Start of Block

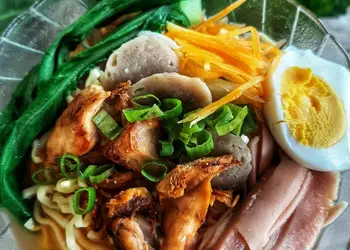 Resep Mudah Ramen Kuah Pedas Enak dan Sehat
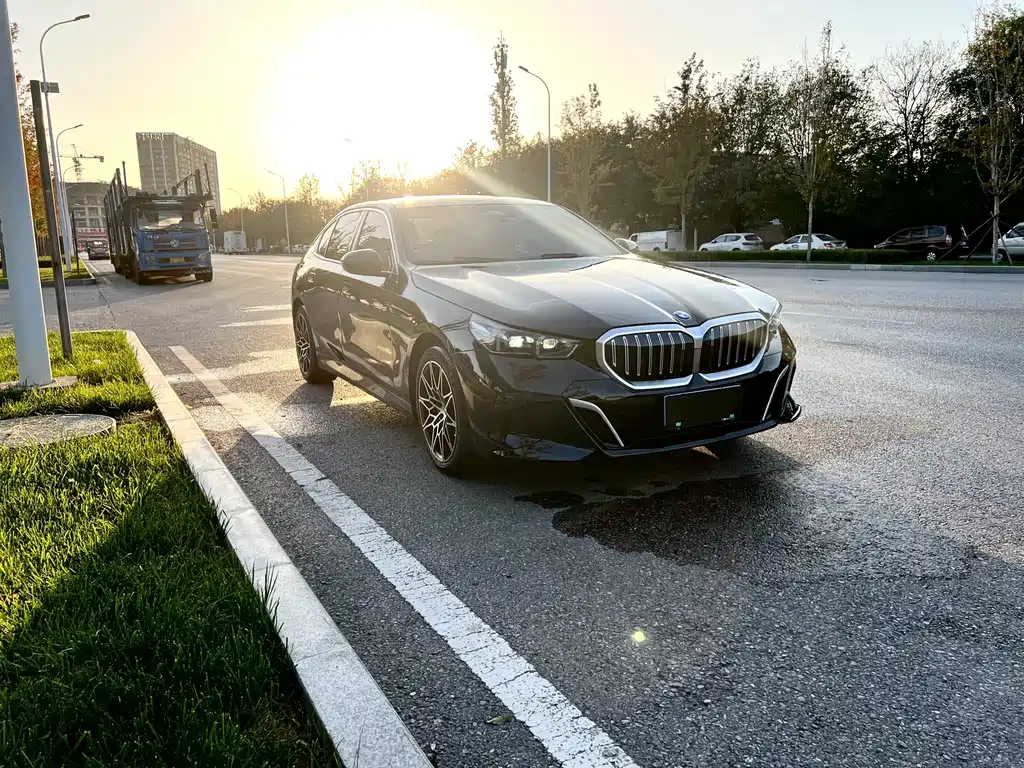 BMW 5 Series — миниатюра 3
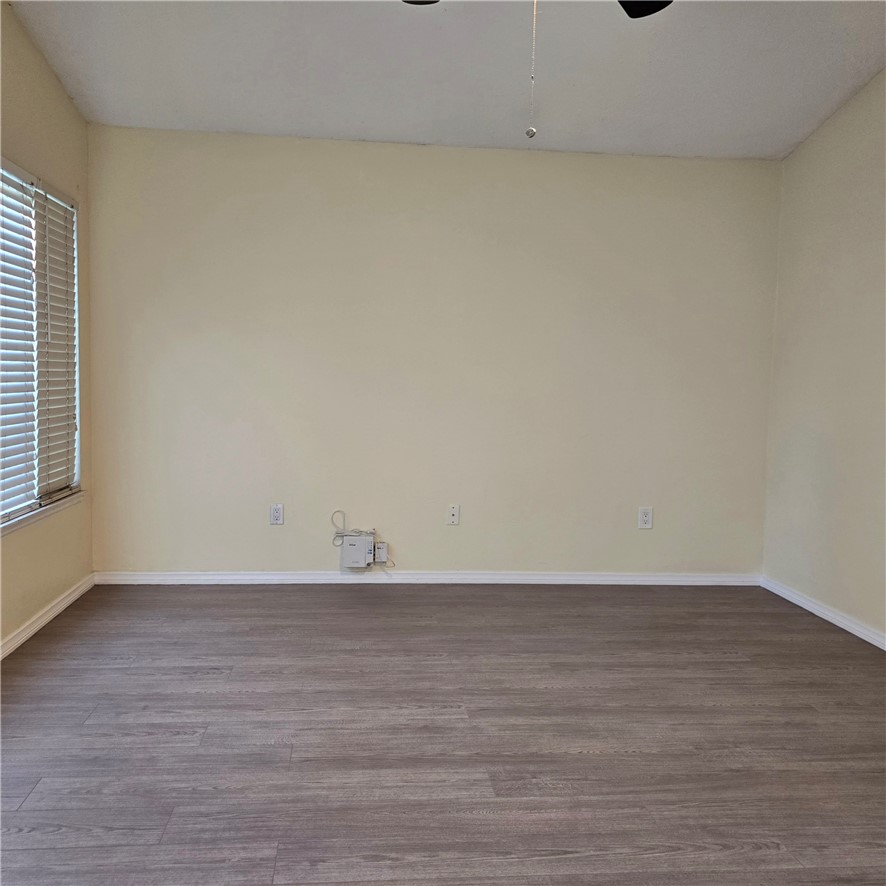 1908 E Highland Court Property Photo 11
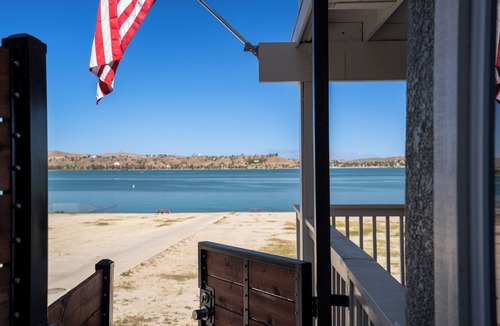 Lake Elsinore House | Gorgeous Lake Front Home w/Boat access Unit 1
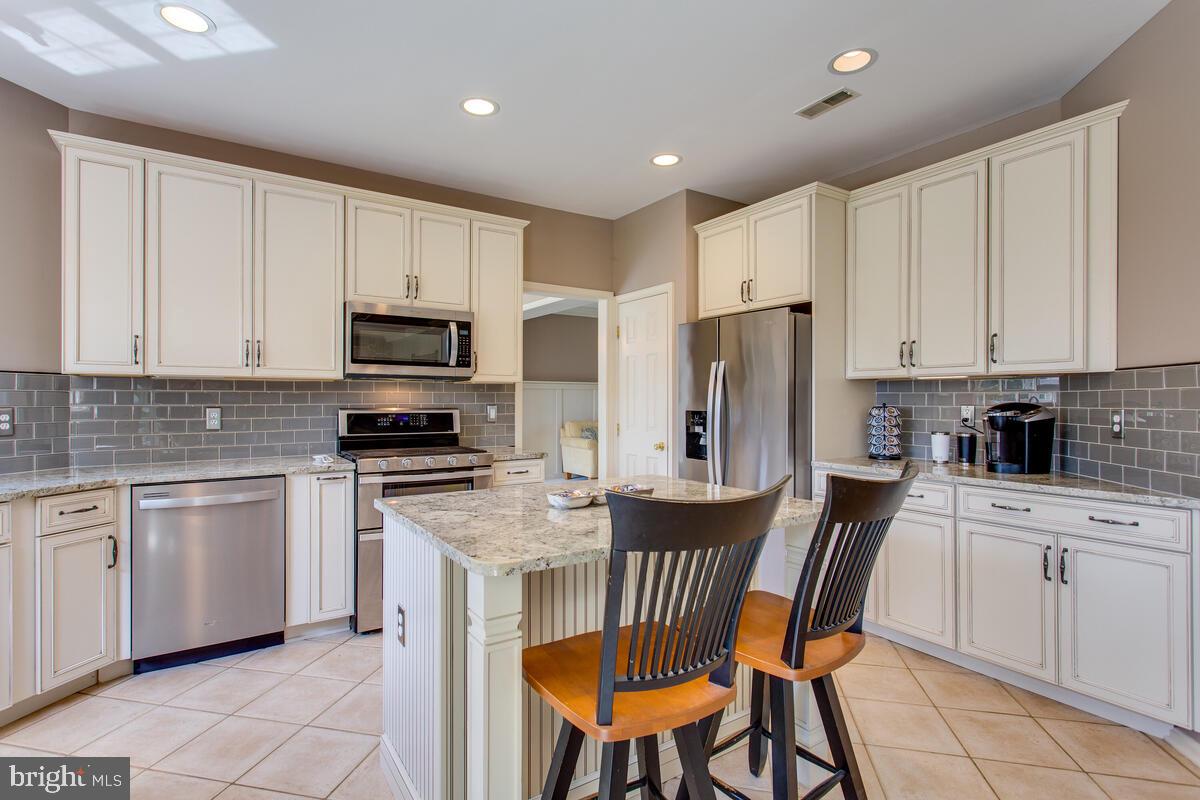 EDGEWOOD - Residential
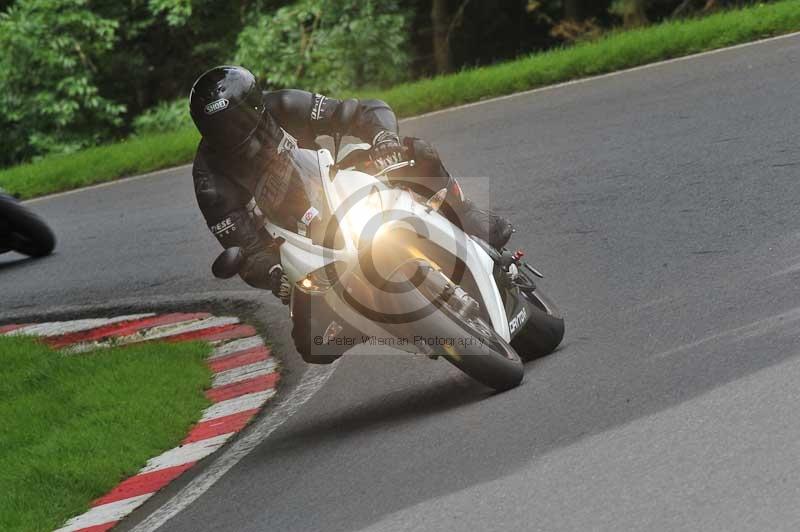 Motorcycle action photographs;Trackday digital images;cadwell;cadwell park photographs;event digital images;eventdigitalimages;motor racing louth lincolnshire;no limits trackdays;peter wileman photography;trackday;trackday photos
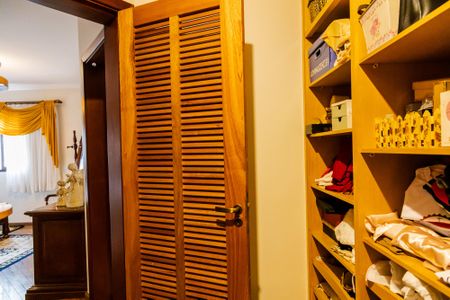 Casa à venda com 356m², 4 quartos e 4 vagas Casa à venda com 356m², 4 quartos e 4 vagasCloset Suíte 1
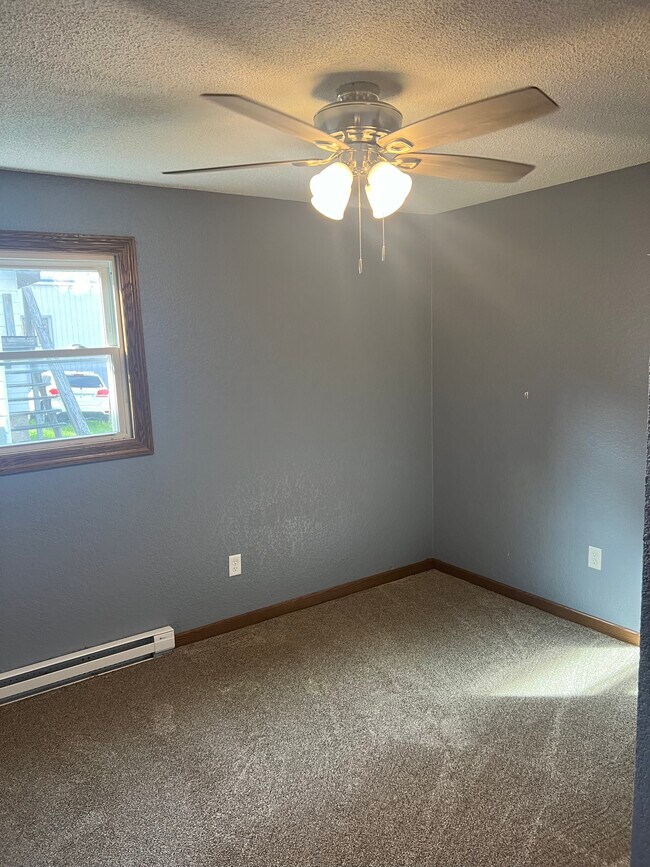 Bedroom - 2055 Louisburg Rd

End of Block

Without any pictures, please write out the lines from the one containing "1908 E Highland Court Property Photo 11" through the final line of the data, exactly and inclusive of both ends.

 1908 E Highland Court Property Photo 11
 Lake Elsinore House | Gorgeous Lake Front Home w/Boat access Unit 1
 EDGEWOOD - Residential
 Motorcycle action photographs;Trackday digital images;cadwell;cadwell park photographs;event digital images;eventdigitalimages;motor racing louth lincolnshire;no limits trackdays;peter wileman photography;trackday;trackday photos
 Casa à venda com 356m², 4 quartos e 4 vagas Casa à venda com 356m², 4 quartos e 4 vagasCloset Suíte 1
 Bedroom - 2055 Louisburg Rd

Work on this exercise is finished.